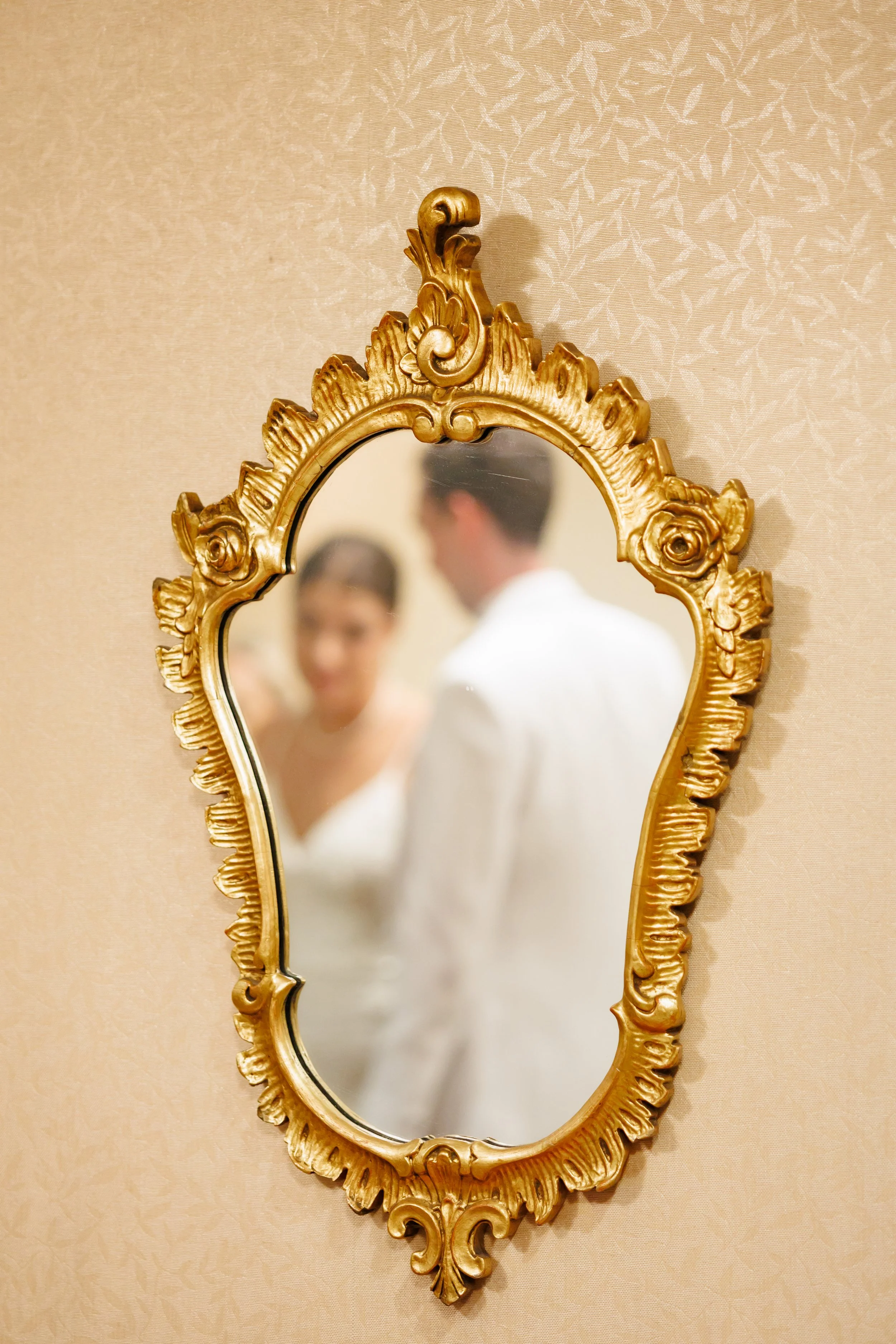 Reflection of a newlywed couple in an ornate gold mirror at a Houston wedding venue, with warm tones and elegant detailing.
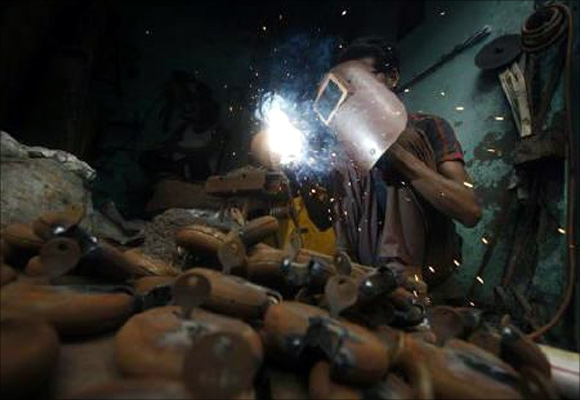 An employee works inside a small-scale locks manufacturing factory at Aligarh district in Uttar Pradesh.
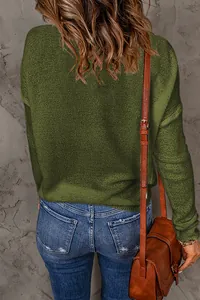 Back view detail of a woman wearing an olive green knit long sleeve sweater and blue jeans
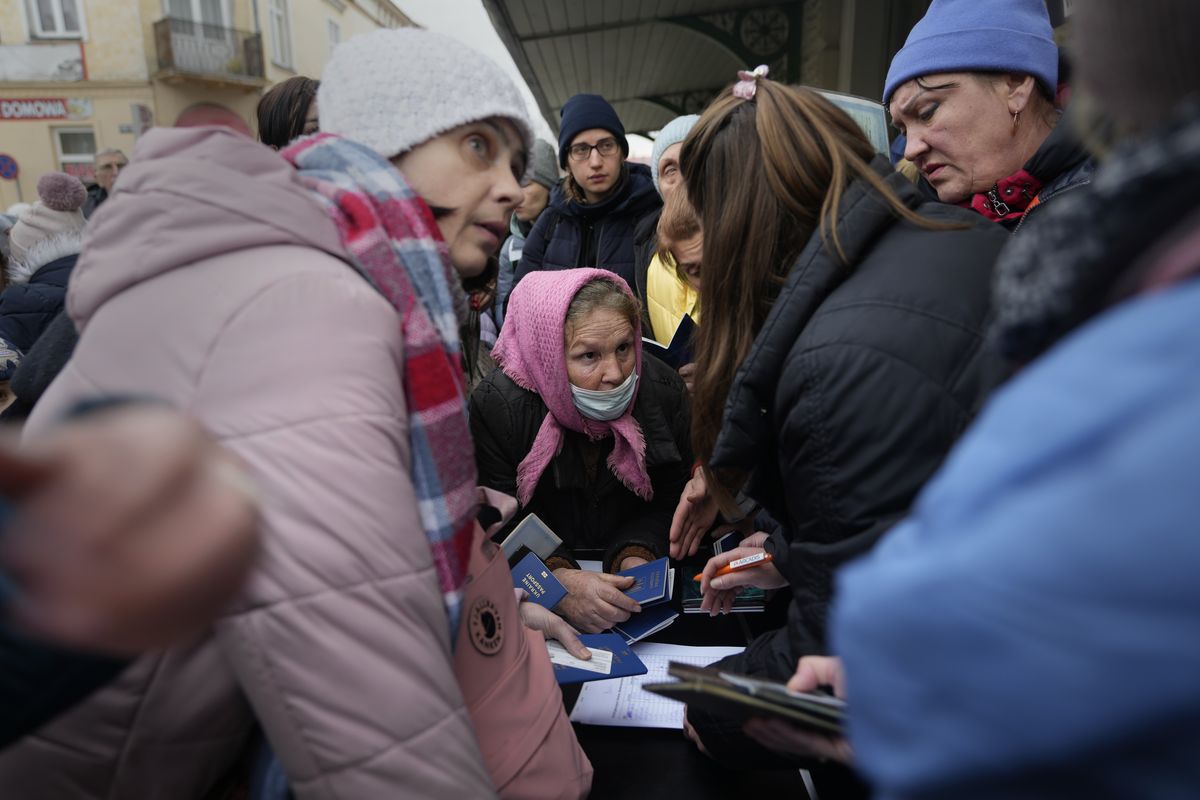 People, fleeing Ukraine, register for a bus which will take them to Germany, at the train station in Przemysl, Poland, Thursday, March 3, 2022. More than 1 million people have fled Ukraine following Russia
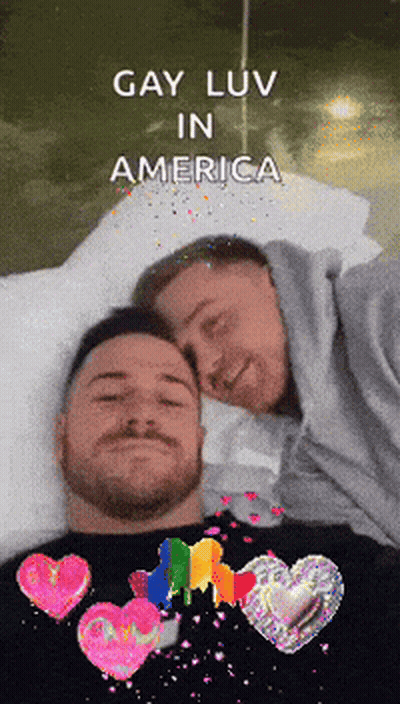 Two Men Laying On Bed Gay Luv In America GIF
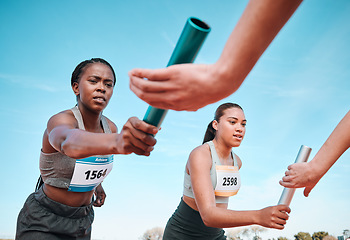 Image showing Woman, teamwork and baton in relay, running competition or sports fitness on stadium track. Active people or athlete passing bar in competitive race, sprint or coordination for team performance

- - -

### Exercise instructions
Skip the images and write out the rest of the listing exactly.

### Task solution
 Reflection of a newlywed couple in an ornate gold mirror at a Houston wedding venue, with warm tones and elegant detailing.
 An employee works inside a small-scale locks manufacturing factory at Aligarh district in Uttar Pradesh.
 Back view detail of a woman wearing an olive green knit long sleeve sweater and blue jeans
 People, fleeing Ukraine, register for a bus which will take them to Germany, at the train station in Przemysl, Poland, Thursday, March 3, 2022. More than 1 million people have fled Ukraine following Russia
 Two Men Laying On Bed Gay Luv In America GIF
 Image showing Woman, teamwork and baton in relay, running competition or sports fitness on stadium track. Active people or athlete passing bar in competitive race, sprint or coordination for team performance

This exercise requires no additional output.